One article notes that the attack was a "vicious" one. Another makes mention of the “dehumanizing effect” that placement on the list creates, and this is certainly borne out by comments on a Facebook page and online comment boards, often by people who have no qualms identifying themselves fully--unless they are using fake names and false photographs. 

Joel Kaplan: “No sympathy. Good riddance.” And “Guilty pervert. Only place left for him is hell.”

Nhstoneybrook: “A dead child molester is a good one.” (There is no indication Wheelock was a child molester; this is part of the negativity of the registry: sex offender = child molester in many people's eyes.)

Jenny Dow Dang: “I hope he died terribly.”

None of these people, nor the others who posted equally vile remarks, knew Mr. Wheelock. They do not know the specifics of his offense and his charges. They do not know whether he was actually guilty, only that he was adjudicated guilty. (28 charges could easily result from a scant handful of images and is an extremely low number for most who collect child porn.) They do not care that there has been no offense since the one arrest. They apparently do not care that he was seriously ill and disabled, confined to a wheelchair, posing no risk to public safety.

All they needed to know to make them feel totally justified in their vileness, viciousness, and hatred is that he was reported to be a registered sex offender.

http://freekeene.com/2013/12/22/investigation-into-homicide-on-pearl-street/



I will be updating when new information is available.

Update 12/25; most interesting: from the office of the New Hampshire Attorney General:
http://doj.nh.gov/media-center/press-releases/2013/20131224-wheelock-autopsy.htm

Saturday, December 21, 2013

When sex offenders are the topic, we need some honesty in journalism and in legislation

Florida, which already has the reputation for its harshness and apparent lack of concern for measures promoting rehabilitation when dealing with sex offender legislation, has churned out four new bills, as detailed here.

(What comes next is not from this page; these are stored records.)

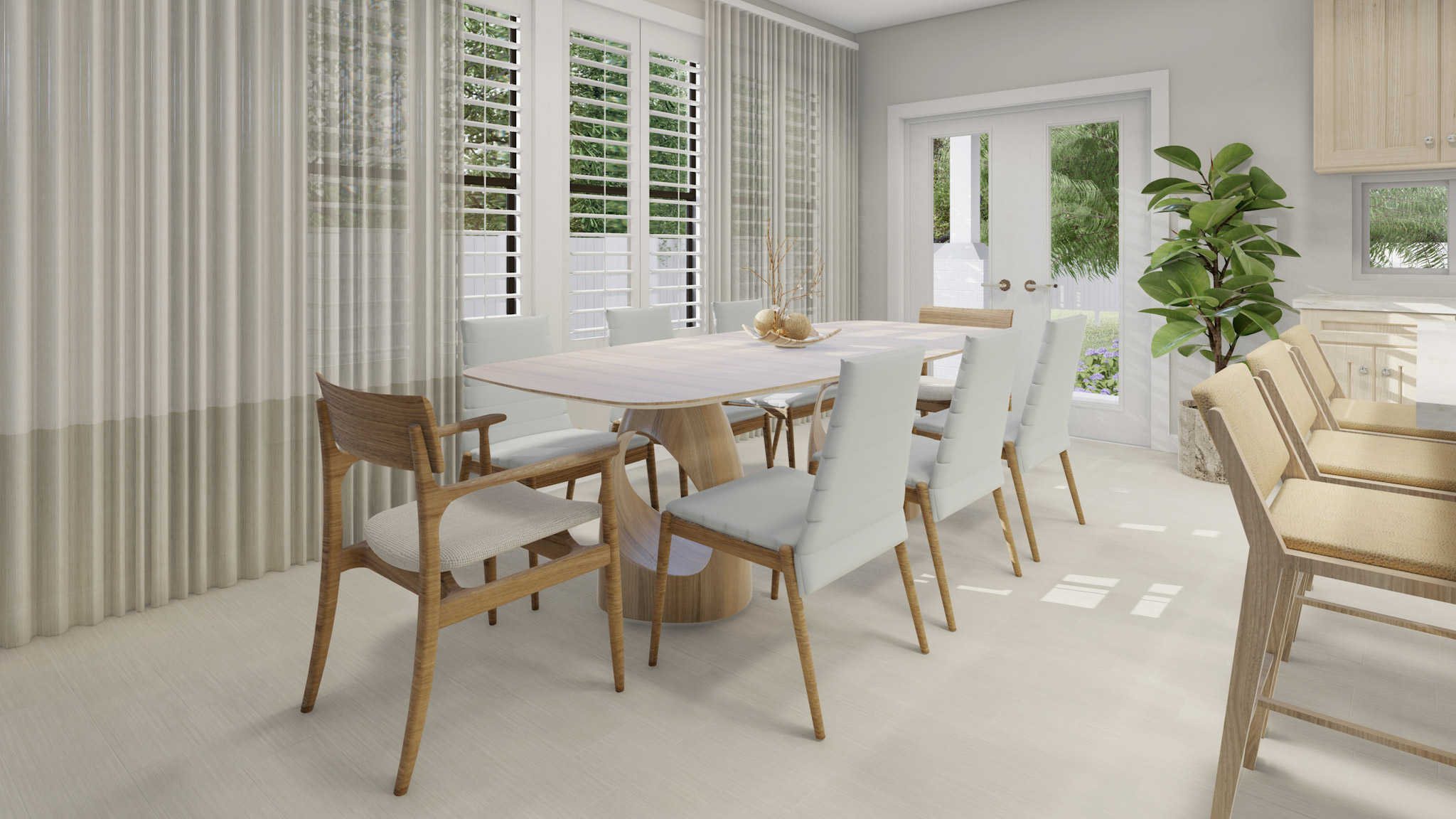 Dining Room of this 3-Bedroom,2368 Sq Ft Plan -187-1012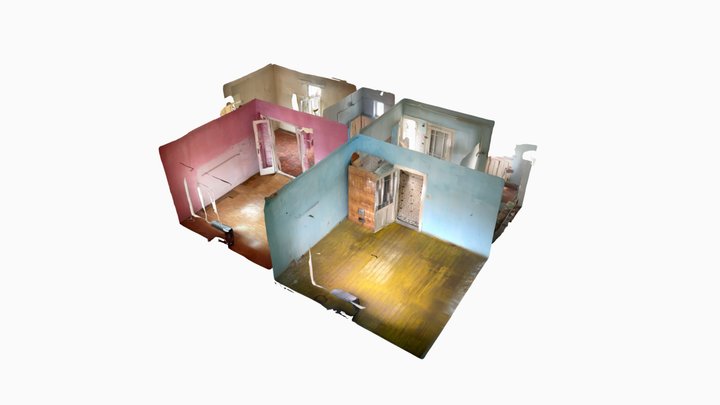 Felújítandó ház 3D Model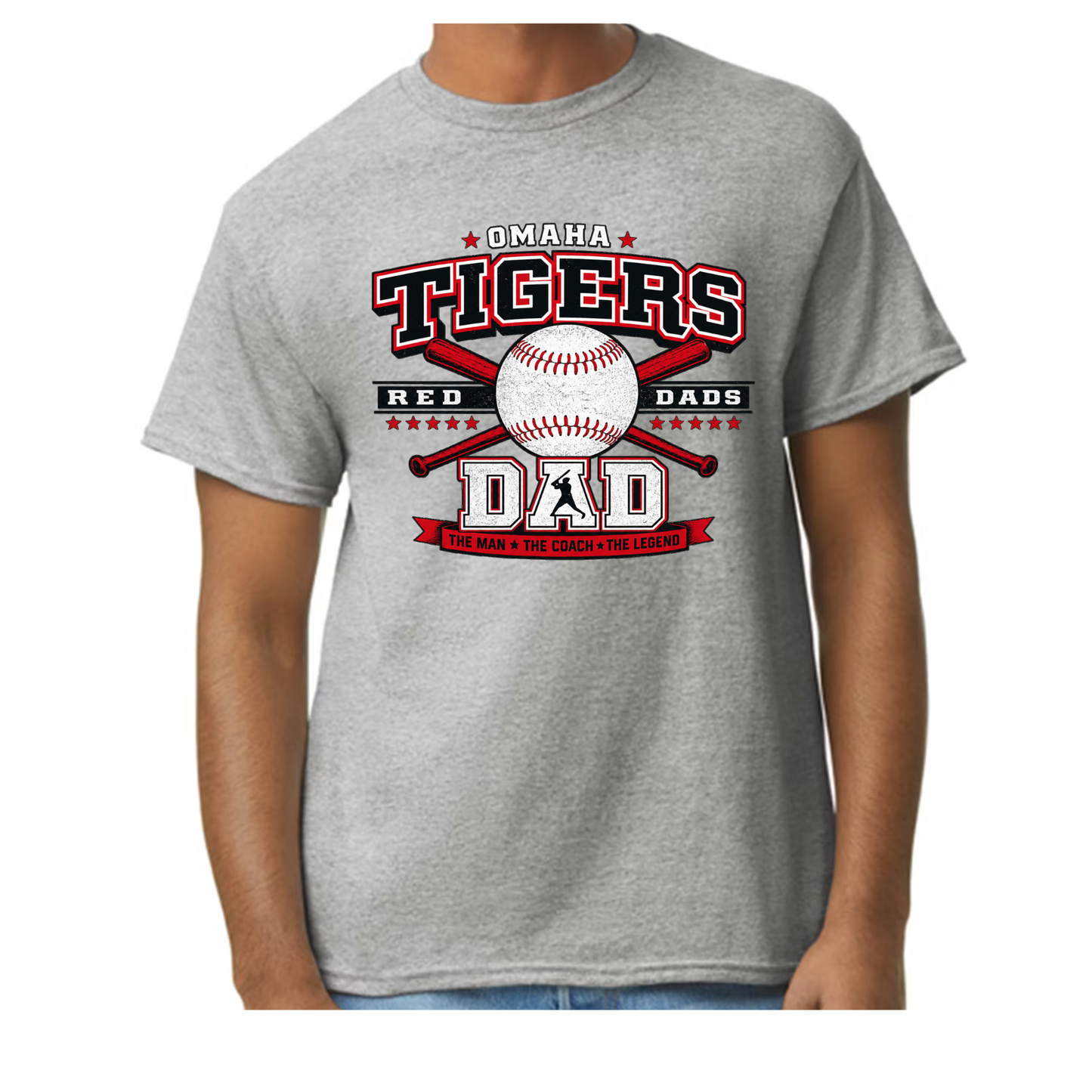 Baseball Dad Custom Team Shirt
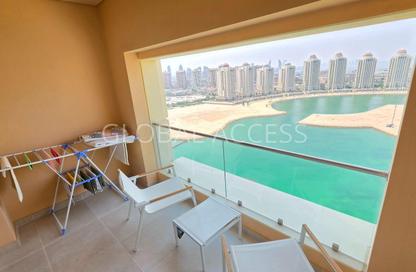 Apartment - 1 Bedroom - 2 Bathrooms for sale in Al Mutahidah Tower - Viva Bahriyah - The Pearl Island - Doha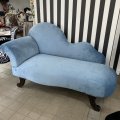 Kundenbild Polyestersamt 150 cm - Taubenblau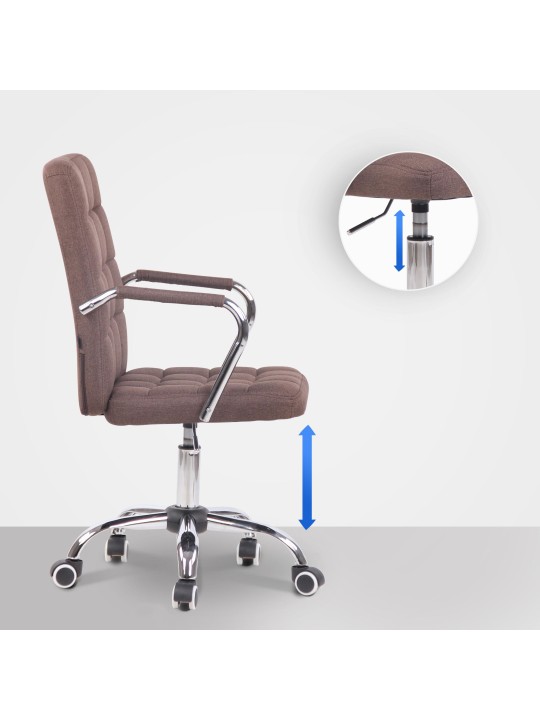 Irodai szék Terni szövet, barna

The political posturing is seen from the first sentence but is no where more colorful than in the quote by Florida Senator Gaetz promising to "make Florida scorched earth for those who seek to harm our children."


I have two problems with the presentation of information in this article.

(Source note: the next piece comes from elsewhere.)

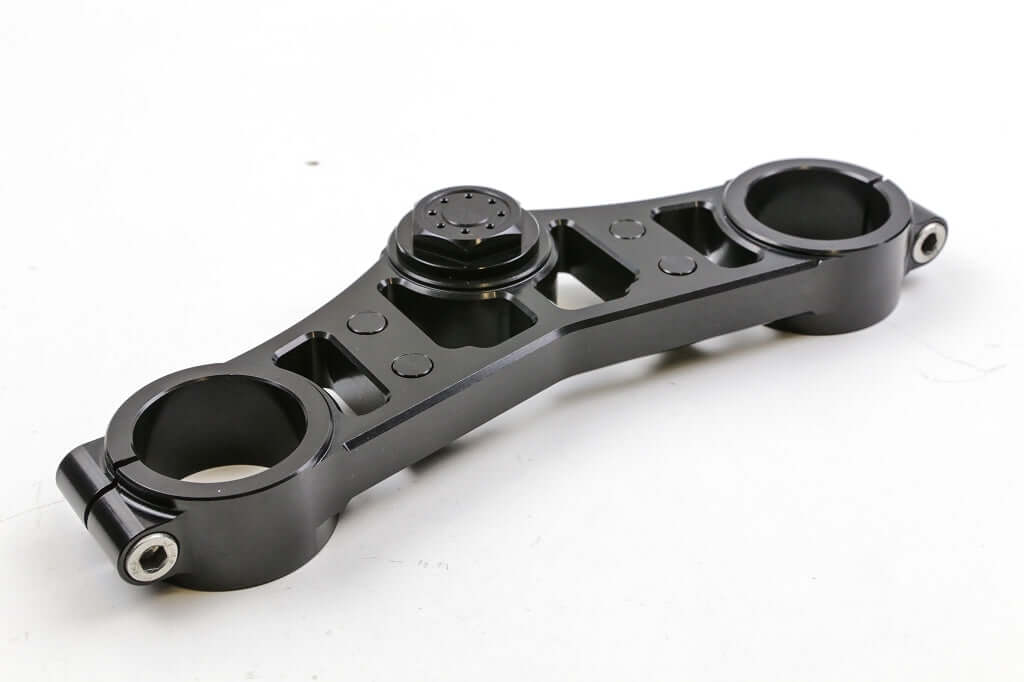 BMW R80R R100R Paralever 41mm triple clamp for clip-on handlebars with TÜV approval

First, the standard for "sexually violent predator," if one actually reads the criminal code, is extremely vague and structured so that it could be, and undoubtedly is, applied to many who should not be in that category. The article, to be fair and balanced, has a responsibility to point that out.    

Secondly, using Mr. Harrel, who was not on the registry and therefore not a known repeat offender, as an example equal with Mr. Smith as "cases involving repeat sexually violent predators" is misleading, even unethical, journalism. Is Harrel the second-best example? Then the entire premise is a lie. Removing Mr. Harrel leaves only Mr. Smith, and the justification of "repeat sexually violent predators" coupled with the "last three years" is gone.

Both of these men were murderers. Both committed heinous crimes against their victims before they murdered them. Both deserve(d) appropriate punishment through the justice system. However, those designated as sexually violent predators in Florida who have murdered no one and fall far short of committing such heinous acts do not deserve punishment thinly disguised as "public safety measures" based on what those two men did.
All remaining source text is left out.